Saltar para o conteúdo principal

Publicidade

Publicidade

 
 
  Siga a Folha de S.Paulo no Twitter
02/12/2009 - 09h31

Sartre e os crustáceos

IVAN LESSA
colunista da BBC Brasil

Sartre é meu filósofo favorito. São aqueles olhos. Um pra lá, outro pra cá. Como se tentando observar seu lugar no mundo a um ângulo de 360º.

Quanto a seus escritos filosóficos, nunca entendi nada. O mundo parece ter chegado à mesma conclusão que eu cheguei quando me vi cercado por todos os lados pelo O Ser e o Nada. Hoje em dia, ninguém o lê, ninguém leva a sério sua filosofia, ninguém se dispõe a enfrentar sua caudalosa prosa penserosa.

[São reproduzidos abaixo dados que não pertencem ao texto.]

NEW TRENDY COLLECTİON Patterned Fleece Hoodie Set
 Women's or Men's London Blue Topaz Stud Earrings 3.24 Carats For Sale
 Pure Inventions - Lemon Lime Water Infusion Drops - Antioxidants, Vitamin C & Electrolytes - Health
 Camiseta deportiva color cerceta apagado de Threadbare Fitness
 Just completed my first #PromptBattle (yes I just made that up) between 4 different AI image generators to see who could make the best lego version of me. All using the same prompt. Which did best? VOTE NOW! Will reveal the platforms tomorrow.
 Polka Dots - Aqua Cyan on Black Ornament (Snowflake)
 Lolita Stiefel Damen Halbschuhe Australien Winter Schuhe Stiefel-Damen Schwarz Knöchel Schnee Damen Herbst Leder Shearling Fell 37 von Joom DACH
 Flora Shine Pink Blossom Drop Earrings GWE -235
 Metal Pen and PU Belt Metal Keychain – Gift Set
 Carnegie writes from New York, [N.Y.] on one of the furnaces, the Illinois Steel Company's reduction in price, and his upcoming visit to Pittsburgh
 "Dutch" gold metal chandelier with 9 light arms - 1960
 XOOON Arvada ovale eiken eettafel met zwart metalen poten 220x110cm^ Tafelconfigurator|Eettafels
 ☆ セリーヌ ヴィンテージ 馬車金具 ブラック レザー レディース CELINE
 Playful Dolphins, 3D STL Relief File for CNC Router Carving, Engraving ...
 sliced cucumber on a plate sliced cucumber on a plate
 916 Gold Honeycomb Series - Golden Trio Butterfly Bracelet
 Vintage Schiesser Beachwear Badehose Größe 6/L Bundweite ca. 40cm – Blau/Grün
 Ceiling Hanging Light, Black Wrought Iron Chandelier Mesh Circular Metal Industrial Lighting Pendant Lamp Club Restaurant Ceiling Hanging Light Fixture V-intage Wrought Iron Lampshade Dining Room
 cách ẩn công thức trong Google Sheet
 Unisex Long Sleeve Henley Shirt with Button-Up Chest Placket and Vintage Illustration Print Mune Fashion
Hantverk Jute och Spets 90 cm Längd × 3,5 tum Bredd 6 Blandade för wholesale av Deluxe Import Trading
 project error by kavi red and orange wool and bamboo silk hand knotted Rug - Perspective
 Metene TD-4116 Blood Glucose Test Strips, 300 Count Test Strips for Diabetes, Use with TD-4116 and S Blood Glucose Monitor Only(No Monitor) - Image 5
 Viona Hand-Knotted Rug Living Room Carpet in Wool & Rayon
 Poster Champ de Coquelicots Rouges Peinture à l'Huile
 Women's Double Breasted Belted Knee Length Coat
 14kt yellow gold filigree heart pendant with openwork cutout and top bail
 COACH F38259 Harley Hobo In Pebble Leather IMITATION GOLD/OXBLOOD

O Tomo I da Crítica da Razão Dialética me era, e continua a ser, profundamente simpático. Tanta palavra bonita correndo de um lado para outro sem saber direito o que fazer. Direitinho como eu, quando era lateral esquerda do Dínamo, no futebol de praia. Parafraseando sua frase mais célebre, eu, como Sartre, estava condenado à liberdade. Só que com uma ressalva: a liberdade só era válida para o ponta direita que eu tinha a tarefa de marcar.

Brevemente, no entanto, Jean-Paul Sartre voltou aos noticiários por estes dias. Nada a ver com uma releitura de seus ensaios ou suas incursões no romance e no teatro. Também já passou a época dos futricos a respeito de sua vida --ou arranjo amoroso-- com a igualmente autora de difícil leitura (ao menos para mim), Simone de Beauvoir.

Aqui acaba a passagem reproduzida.